Work item: Restate word for word the lines below from the one that has "Used 2021 Lexus GX 460 Premium image 11" through the one that has "nest bedding travel pillow", keeping both and dropping all pictures.

++++ Given records

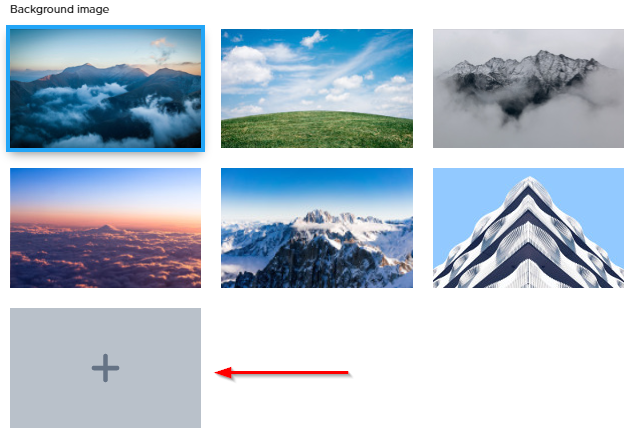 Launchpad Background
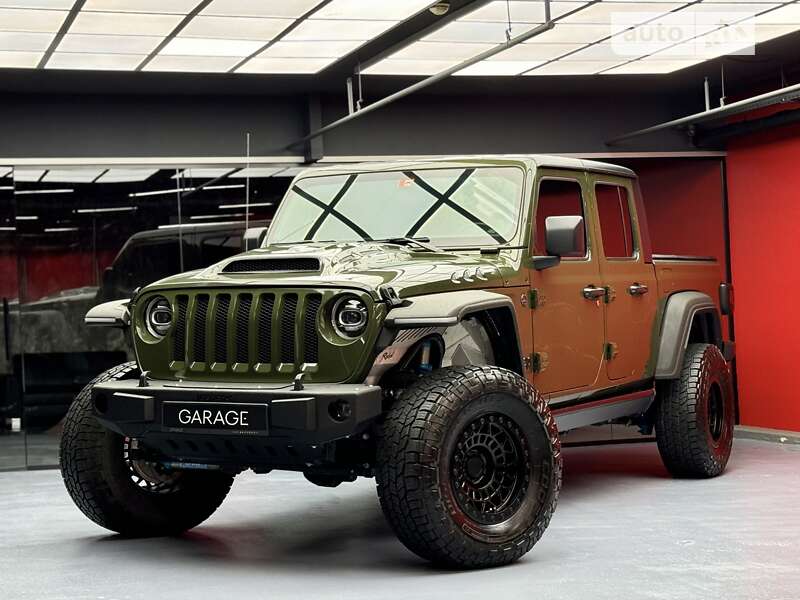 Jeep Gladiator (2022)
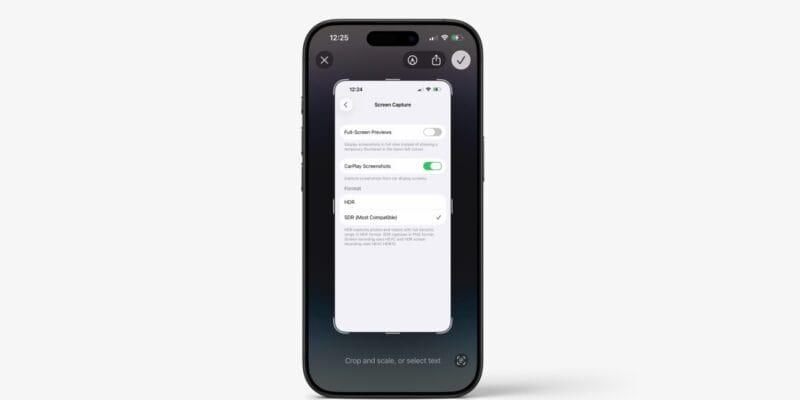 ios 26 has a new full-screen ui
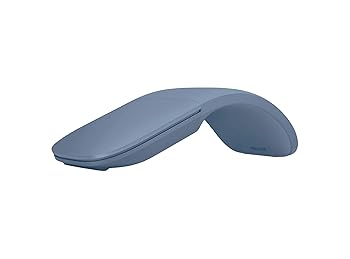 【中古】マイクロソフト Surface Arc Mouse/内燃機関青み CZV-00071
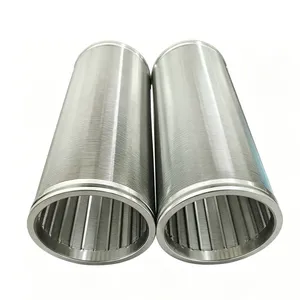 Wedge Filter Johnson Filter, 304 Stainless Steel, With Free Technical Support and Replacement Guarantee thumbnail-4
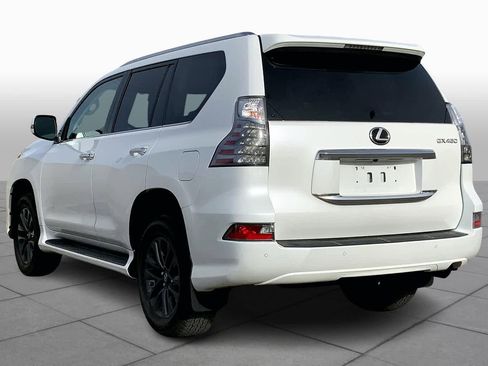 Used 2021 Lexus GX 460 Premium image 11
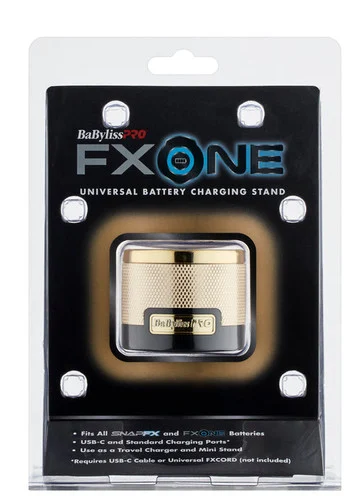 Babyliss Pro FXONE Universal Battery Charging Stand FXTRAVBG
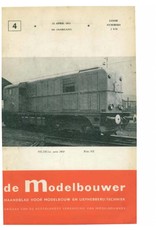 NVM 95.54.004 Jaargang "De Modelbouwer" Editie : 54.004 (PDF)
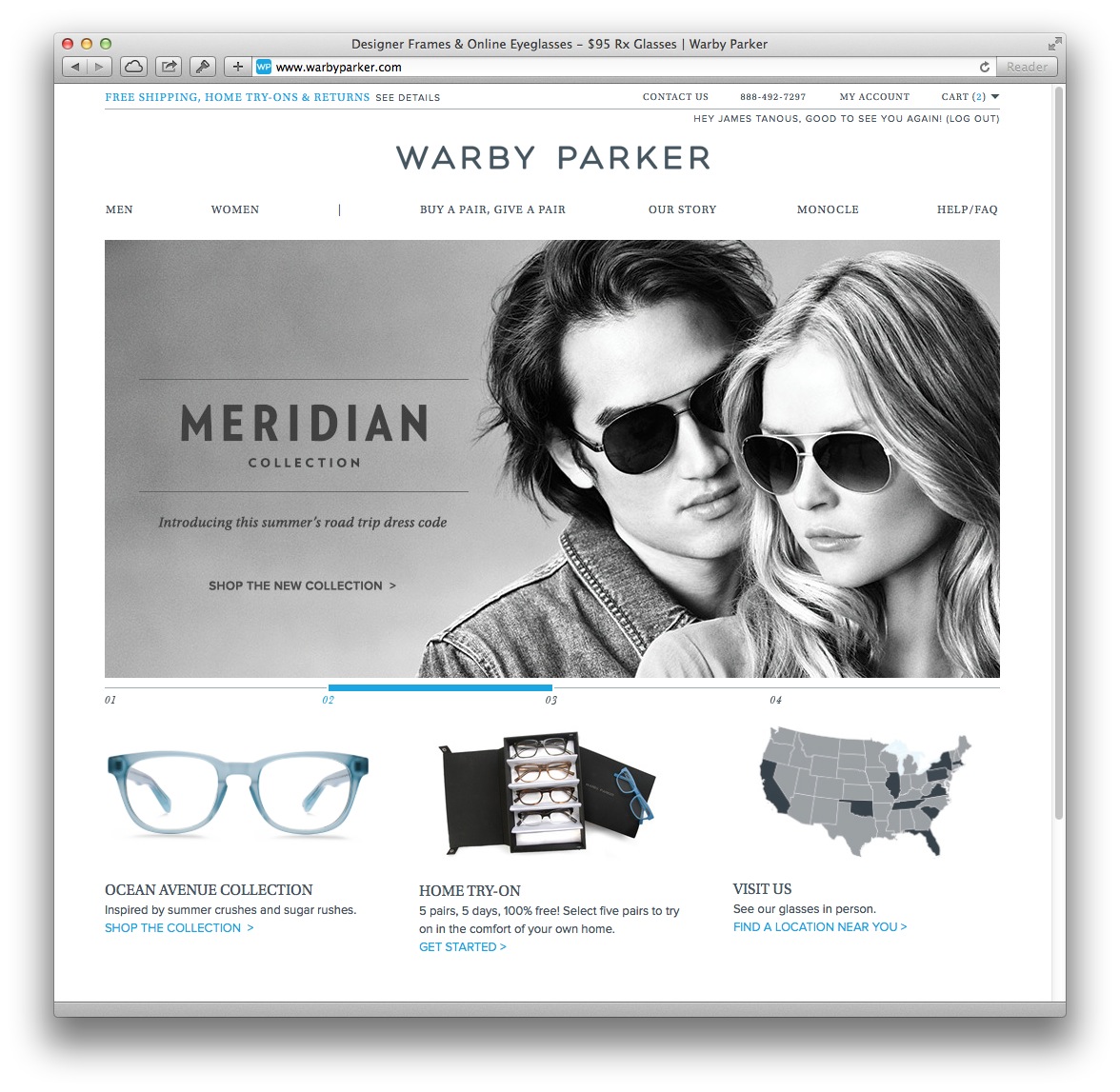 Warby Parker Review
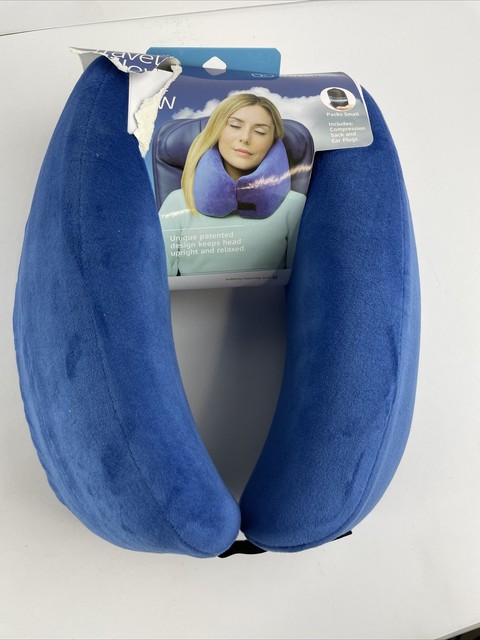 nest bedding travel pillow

++++++++
++++ Given records

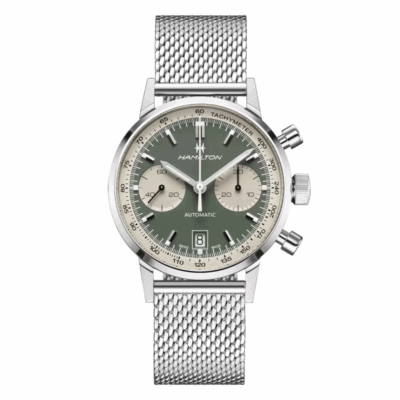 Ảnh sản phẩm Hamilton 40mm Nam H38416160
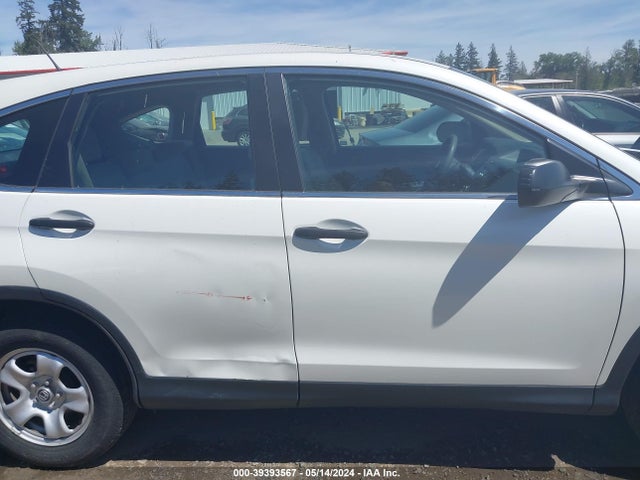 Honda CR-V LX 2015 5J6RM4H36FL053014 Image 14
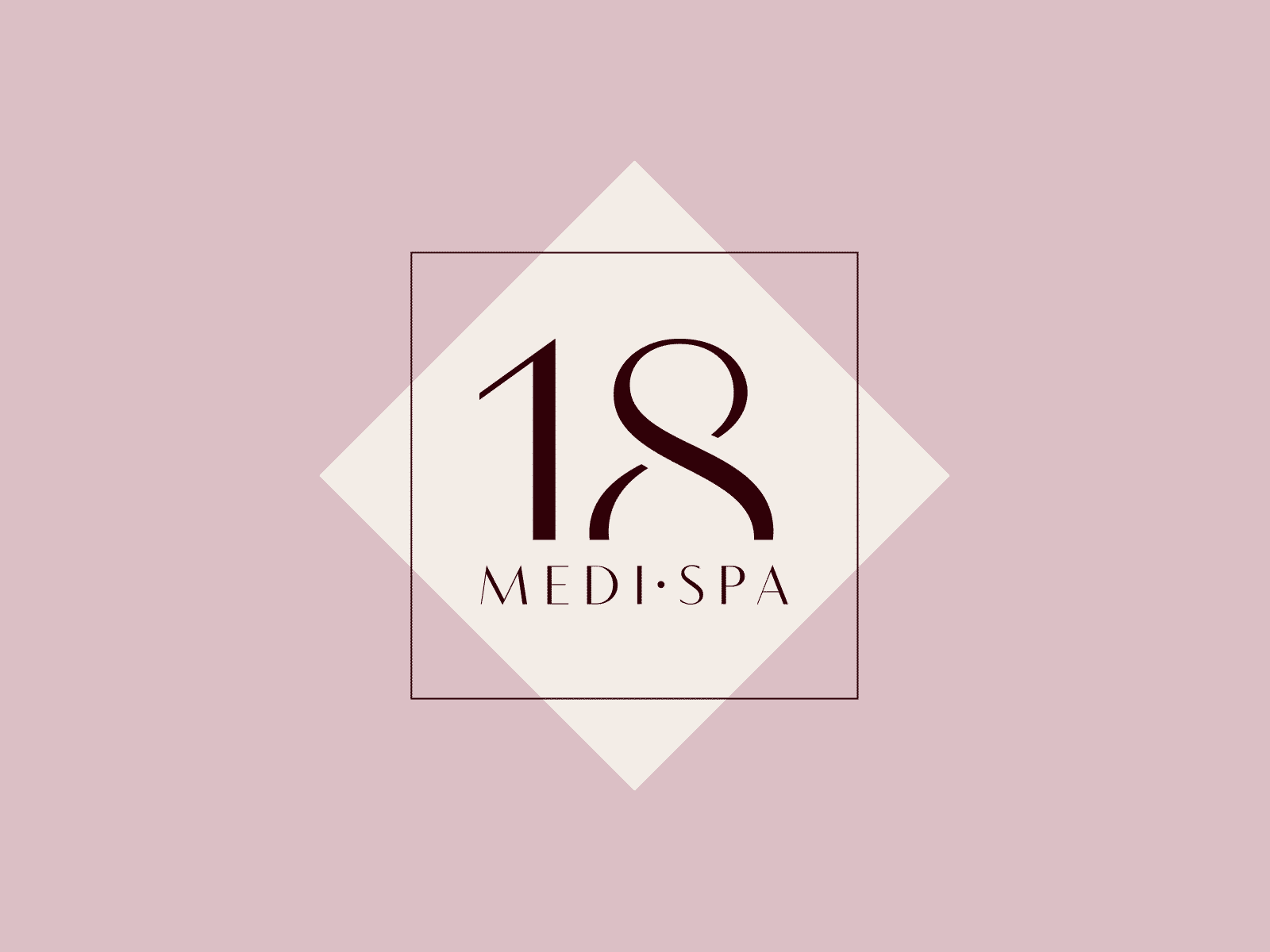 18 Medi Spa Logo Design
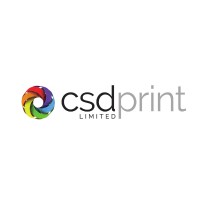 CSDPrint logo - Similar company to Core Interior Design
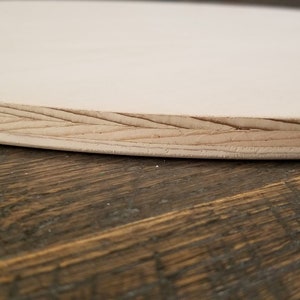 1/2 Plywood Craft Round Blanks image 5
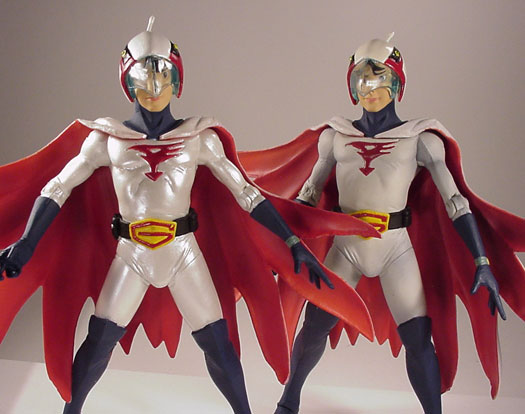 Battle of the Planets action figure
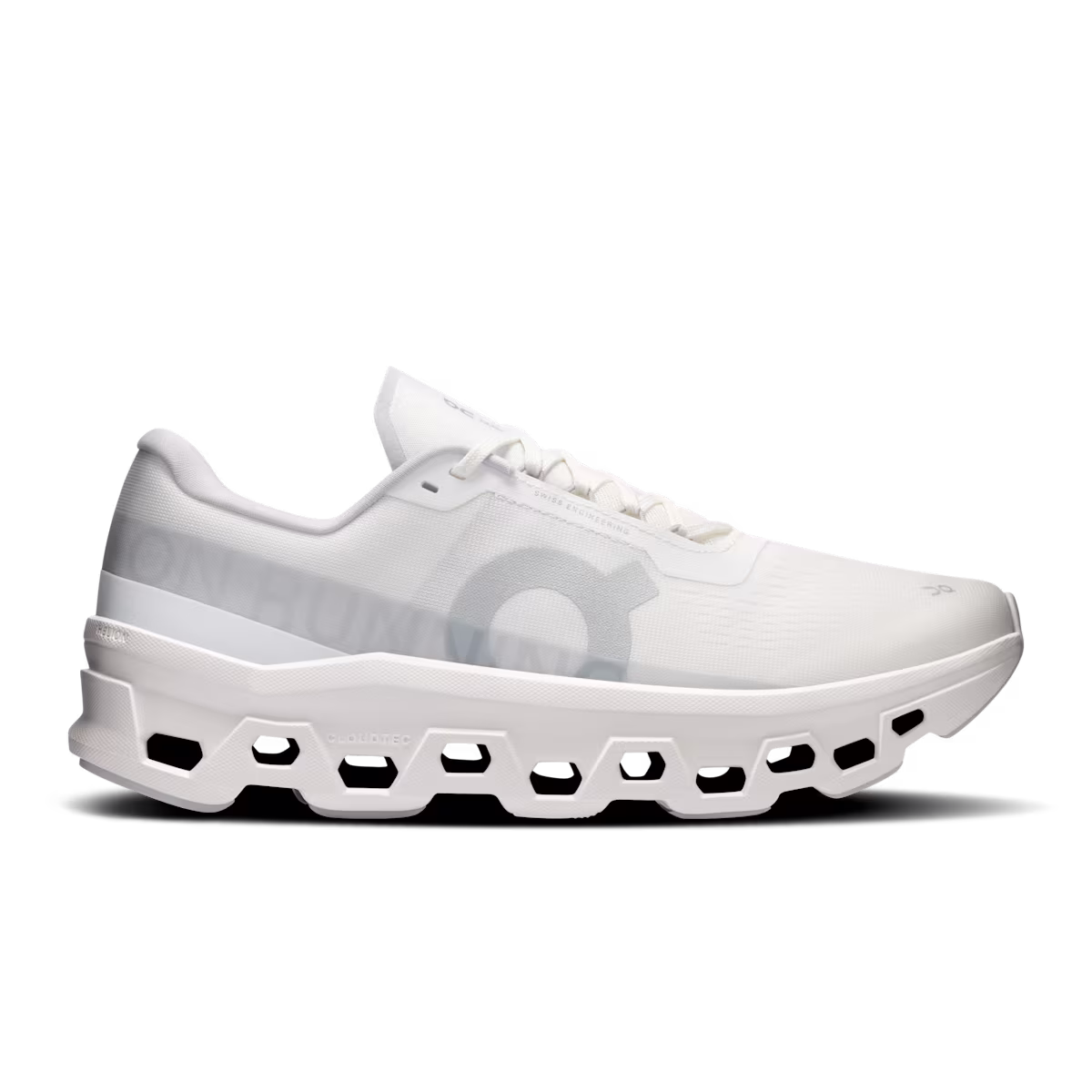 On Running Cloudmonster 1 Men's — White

++++++++

Expected answer:
 Used 2021 Lexus GX 460 Premium image 11
 Babyliss Pro FXONE Universal Battery Charging Stand FXTRAVBG
 NVM 95.54.004 Jaargang "De Modelbouwer" Editie : 54.004 (PDF)
 Warby Parker Review
 nest bedding travel pillow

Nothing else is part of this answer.